In recent years, bond issuers have changed from the traditional call schedule to a “make-whole” type of call. Generally, this is good for investors as it makes it less likely that high interest bonds will be called. If it is called, then they are “made whole” because they are paid the present value of the remaining cash flows. In a traditional call, investors would receive only the face value and, perhaps, a small call premium. In most cases, investors will be better off with a make-whole call.

For issuing firms the make-whole call provision provides some financial flexibility. For example, it may be that the covenants (restrictions on the issuer) are somewhat onerous, and the issuer may wish to get out from under them, or there may be a change of control. The make-whole call allows refunding without a call premium being paid or waiting until the next call date specified in the bond’s indenture.

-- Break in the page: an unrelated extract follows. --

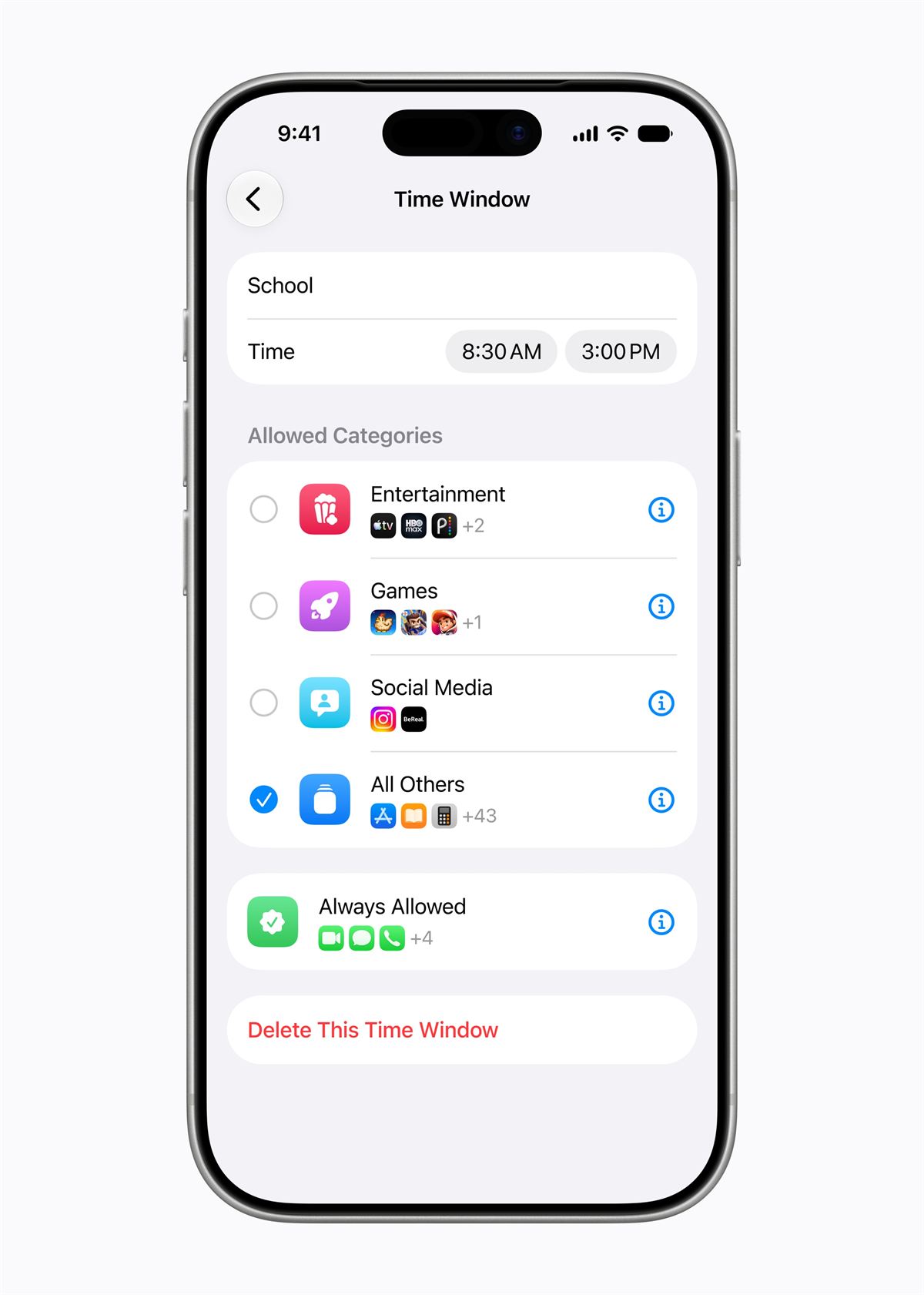 Apple Expands Child Safety Features WWDC 2026 (3)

A make-whole call provision means that the bond can be called at any time (on short notice – generally 30 or so days), and that the issuer will pay the present value of the remaining cash flows to investors. Importantly, this will be different than the current price of the bond because the discount rate is different than the recent yield to maturity. Specifically, the discount rate that is used to determine the present value is spelled out in the indenture and will be equal to the rate on a Treasury security plus some spread that is also given in the indenture. The spread is fixed at issuance (usually 15 to 50 basis points, depending on credit rating and term to maturity), though the “Comparable Treasury Issue” can change. The Treasury security that is used will be selected by an independent investment banking firm at the time of the call.

In this tutorial, we will see how to calculate the price at which the bond would be called by using the NPV and PV functions of the TI 83 Plus financial calculator.

Example of a Bond with a Make-Whole Call Provision

In late 2010, PPG Industries issued a bond that matures on 15 November 2040. The bond pays interest semiannually with a coupon rate of 5.50% per year (on 15 May and 15 November). You can see the details of this issue here. The indenture states that “optional redemption” will be on a make-whole basis at a spread of 25 bps over the comparable Treasury.

On 28 October 2014 the bond traded at a price of 117.95 (\$1,179.50), though we will pretend that the trade took place on 15 November 2014 so that we do not need to worry about valuing the bond between coupon payment dates.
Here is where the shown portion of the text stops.